### DIRECTIONS FOR THIS TASK
Transcribe, starting at the line with "The deepest layer" and ending at the line with "So we want to", every line of the material below exactly, but leave out the pictures and anything outside that span.

### SUPPLIED DATA
--- START ---
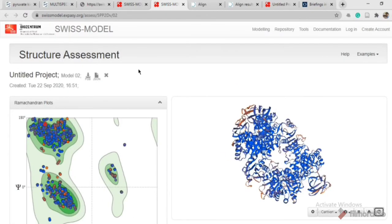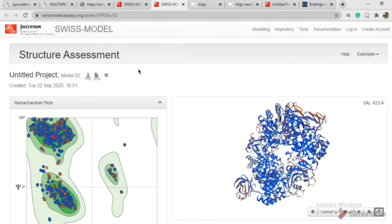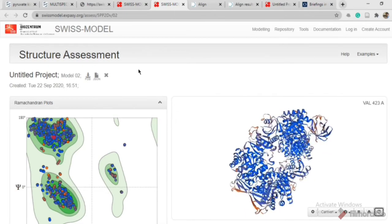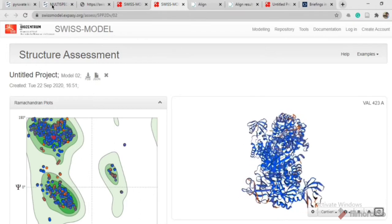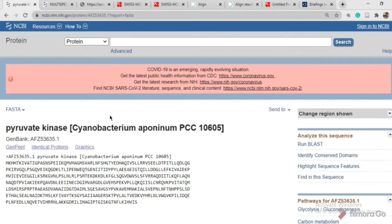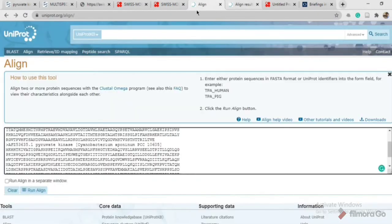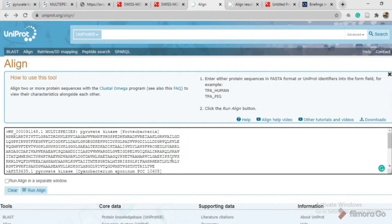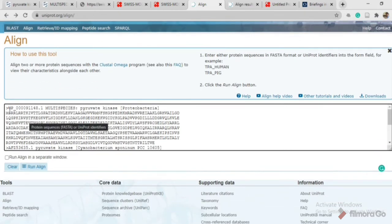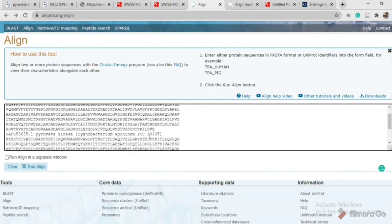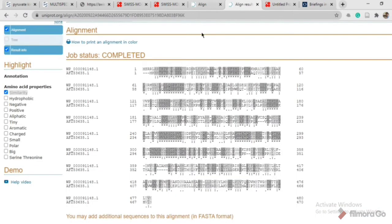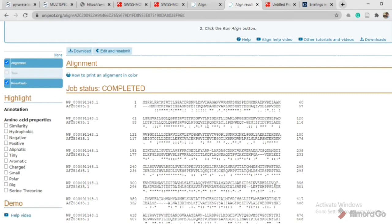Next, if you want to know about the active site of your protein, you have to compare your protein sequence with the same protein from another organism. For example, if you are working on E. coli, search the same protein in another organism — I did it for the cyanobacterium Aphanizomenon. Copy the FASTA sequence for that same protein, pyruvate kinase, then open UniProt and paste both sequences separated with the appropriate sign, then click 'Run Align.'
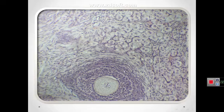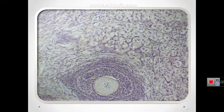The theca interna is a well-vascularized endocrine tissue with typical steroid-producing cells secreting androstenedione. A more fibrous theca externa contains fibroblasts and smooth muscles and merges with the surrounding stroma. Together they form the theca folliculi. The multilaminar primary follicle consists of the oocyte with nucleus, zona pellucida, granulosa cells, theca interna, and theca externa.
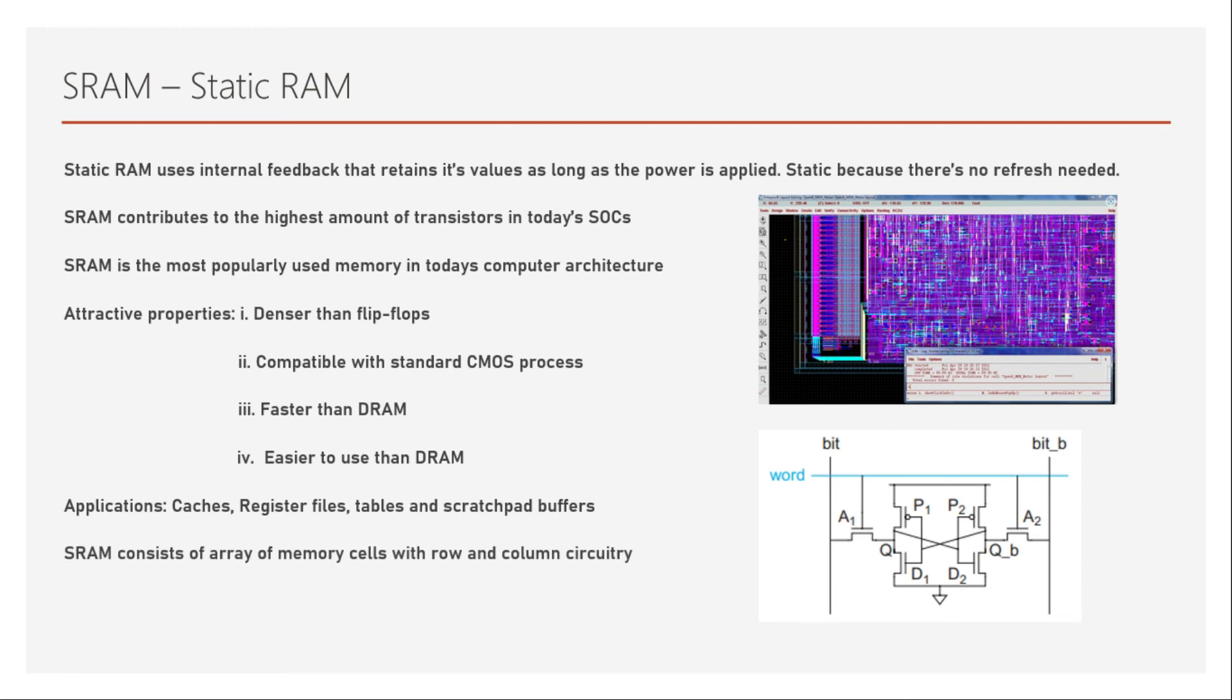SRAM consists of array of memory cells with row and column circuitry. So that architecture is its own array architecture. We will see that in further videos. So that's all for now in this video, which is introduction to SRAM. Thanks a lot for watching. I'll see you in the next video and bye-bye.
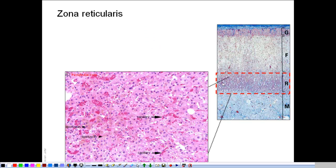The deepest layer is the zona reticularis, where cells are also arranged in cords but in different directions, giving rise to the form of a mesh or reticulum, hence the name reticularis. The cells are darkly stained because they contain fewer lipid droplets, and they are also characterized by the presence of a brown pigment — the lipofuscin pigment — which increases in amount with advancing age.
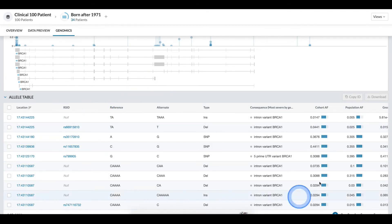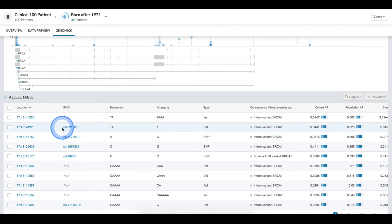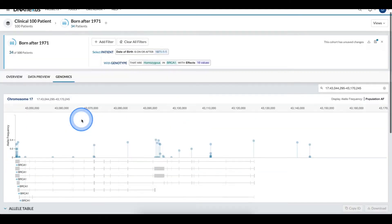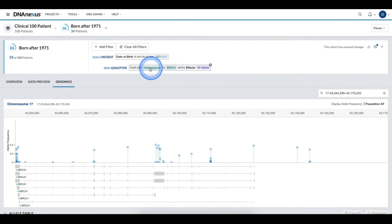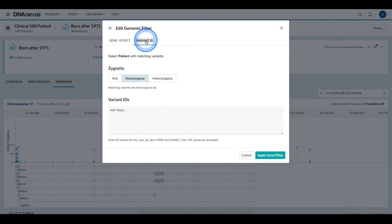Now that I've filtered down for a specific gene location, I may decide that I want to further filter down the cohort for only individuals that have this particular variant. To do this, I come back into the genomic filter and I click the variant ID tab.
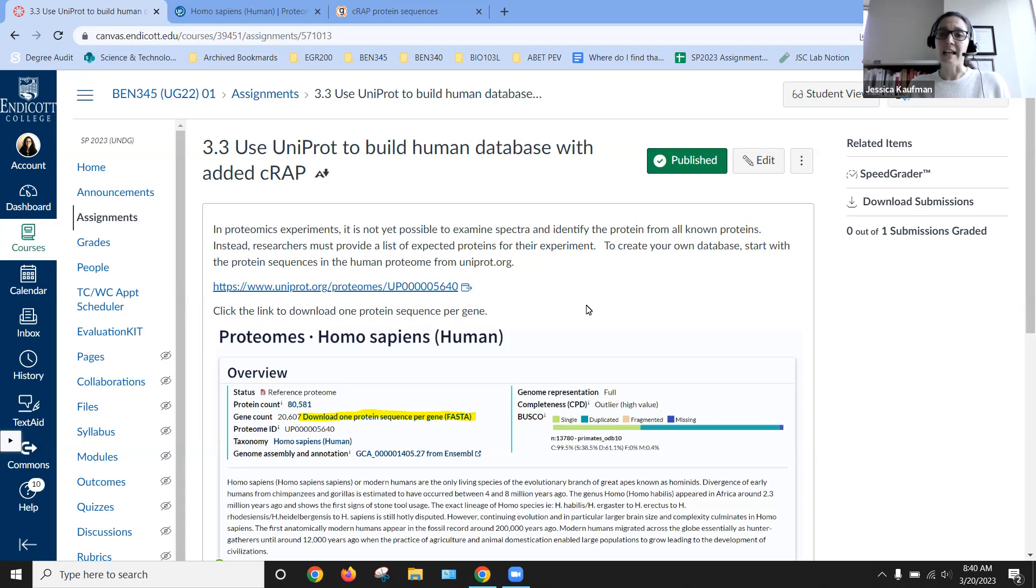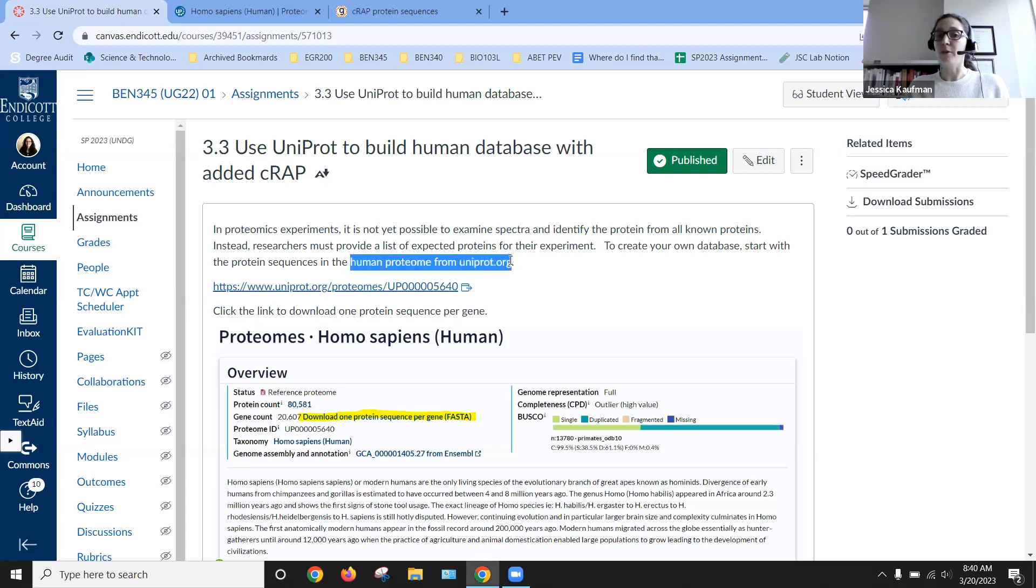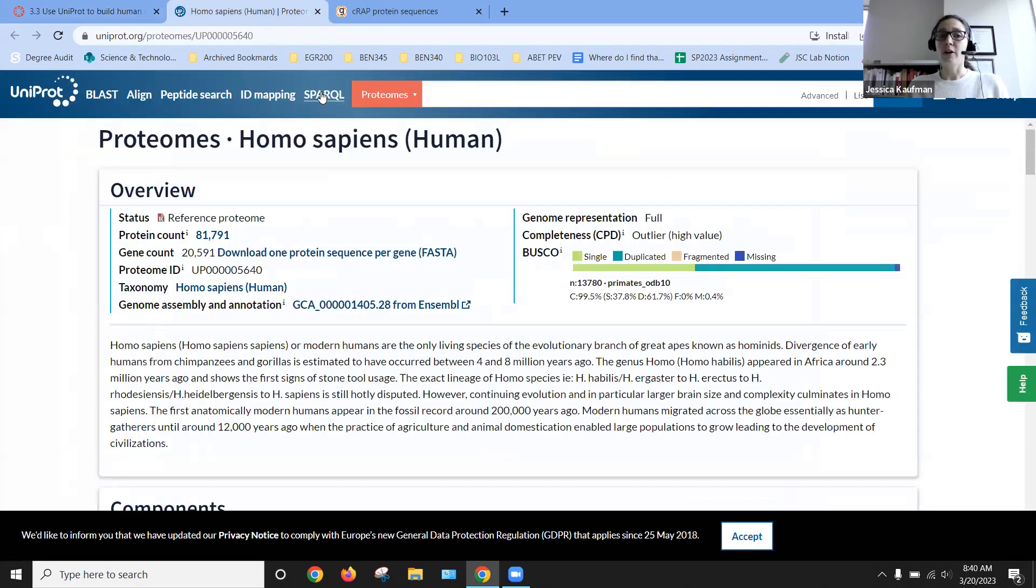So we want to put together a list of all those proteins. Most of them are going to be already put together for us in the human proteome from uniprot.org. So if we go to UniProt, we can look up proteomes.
--- END ---
--- START ---
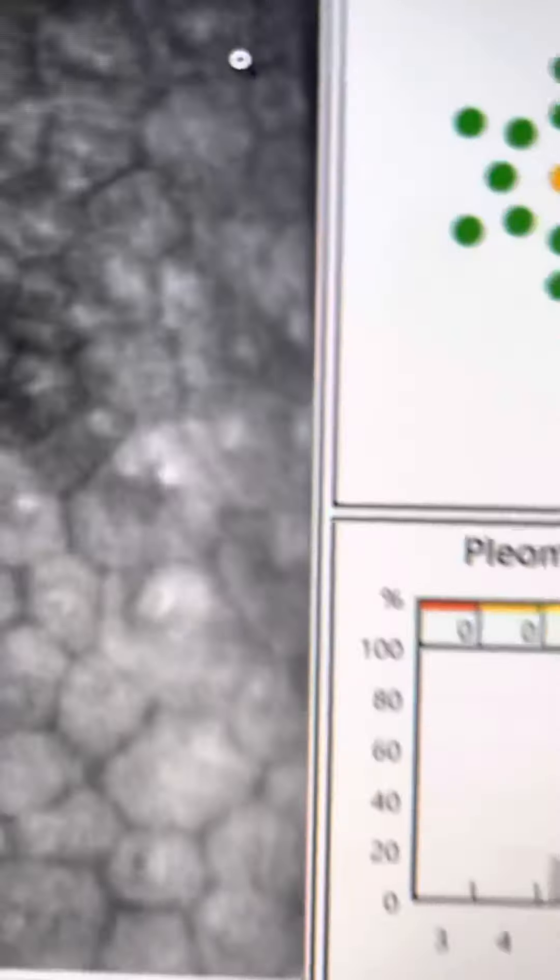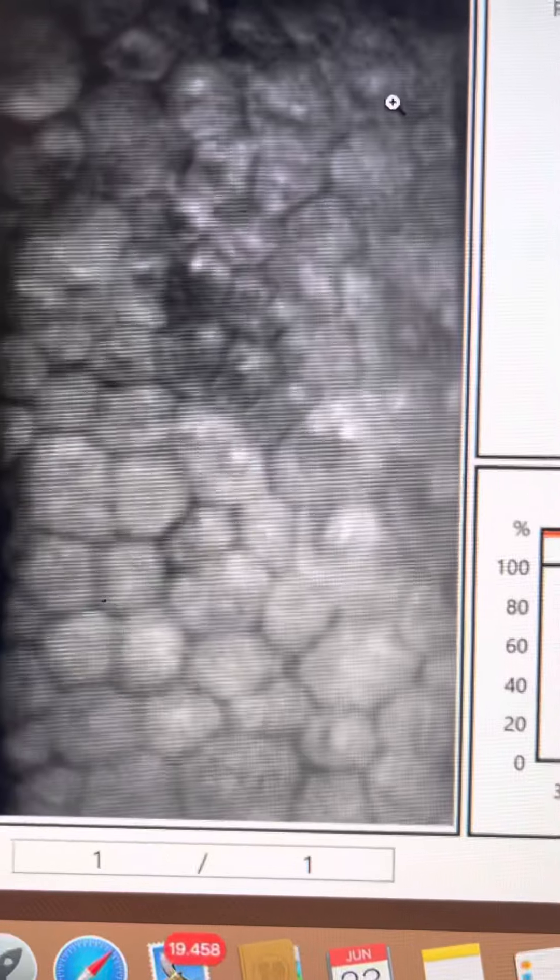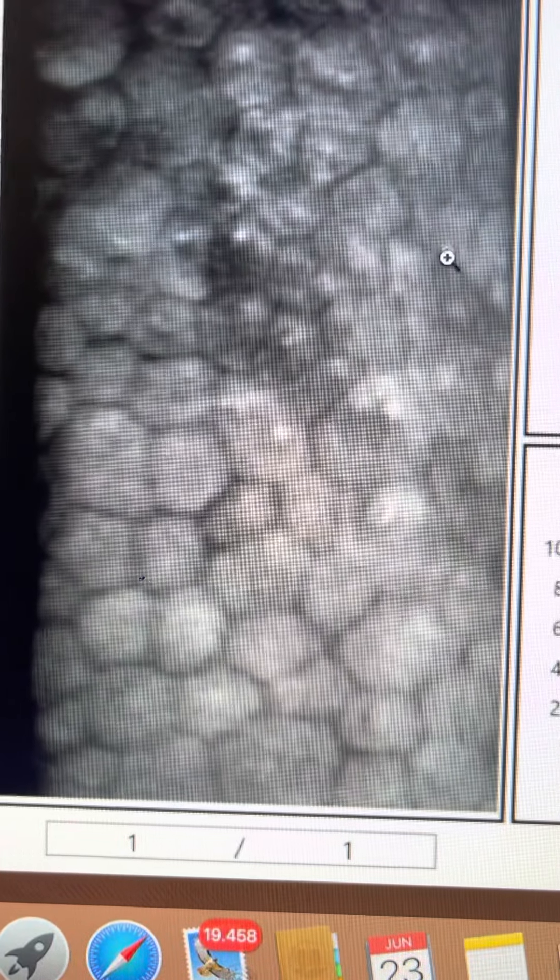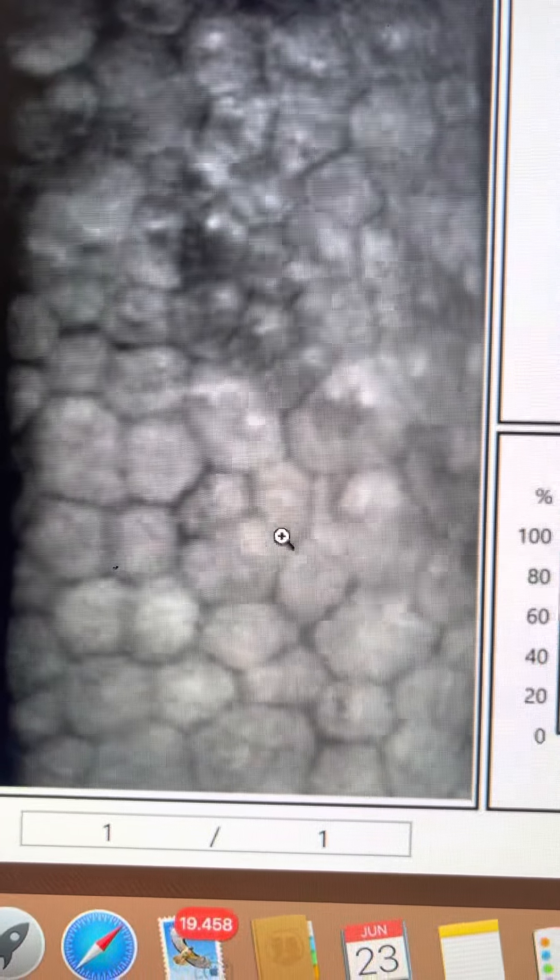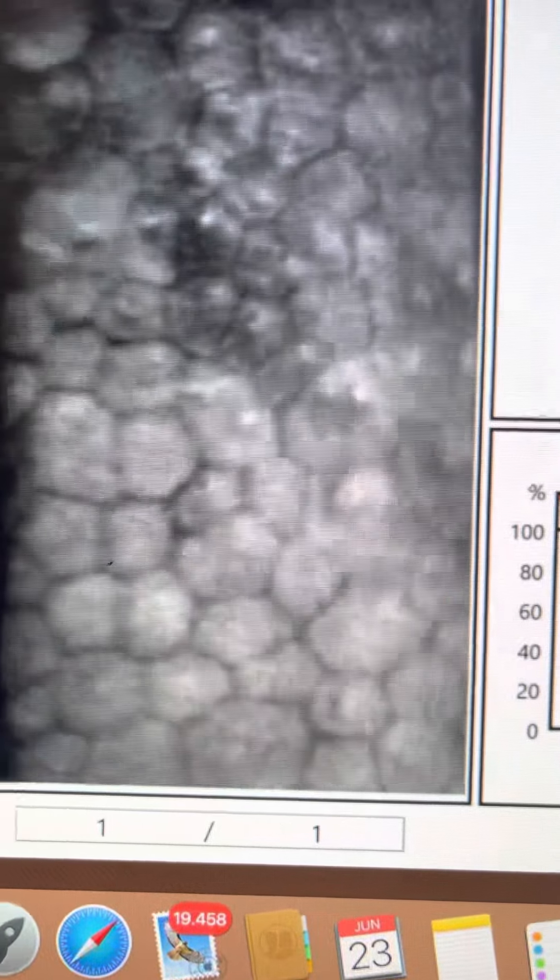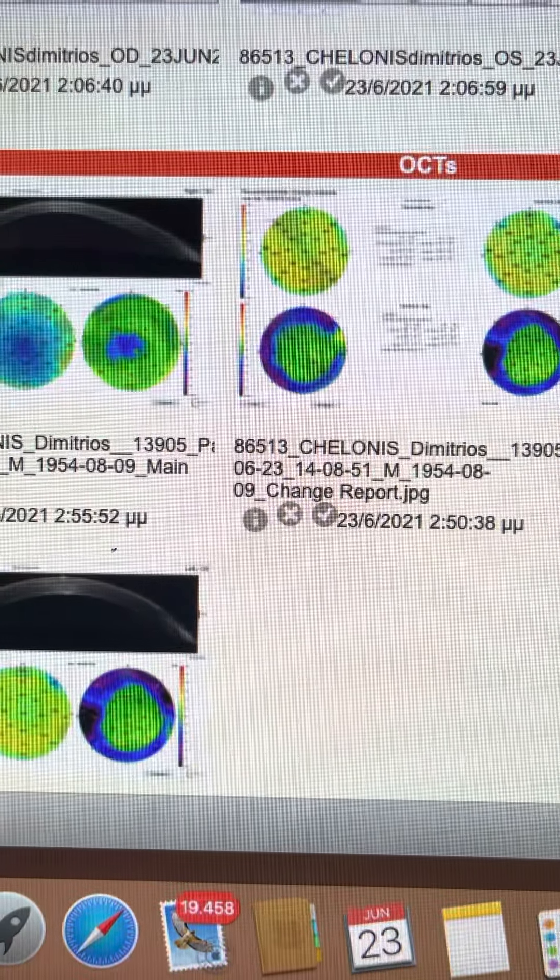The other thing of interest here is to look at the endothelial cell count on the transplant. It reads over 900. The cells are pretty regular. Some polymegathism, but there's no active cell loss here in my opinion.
--- END ---
### ANSWER FOR THE TASK
The deepest layer is the zona reticularis, where cells are also arranged in cords but in different directions, giving rise to the form of a mesh or reticulum, hence the name reticularis. The cells are darkly stained because they contain fewer lipid droplets, and they are also characterized by the presence of a brown pigment — the lipofuscin pigment — which increases in amount with advancing age.
Now that I've filtered down for a specific gene location, I may decide that I want to further filter down the cohort for only individuals that have this particular variant. To do this, I come back into the genomic filter and I click the variant ID tab.
So we want to put together a list of all those proteins. Most of them are going to be already put together for us in the human proteome from uniprot.org. So if we go to UniProt, we can look up proteomes.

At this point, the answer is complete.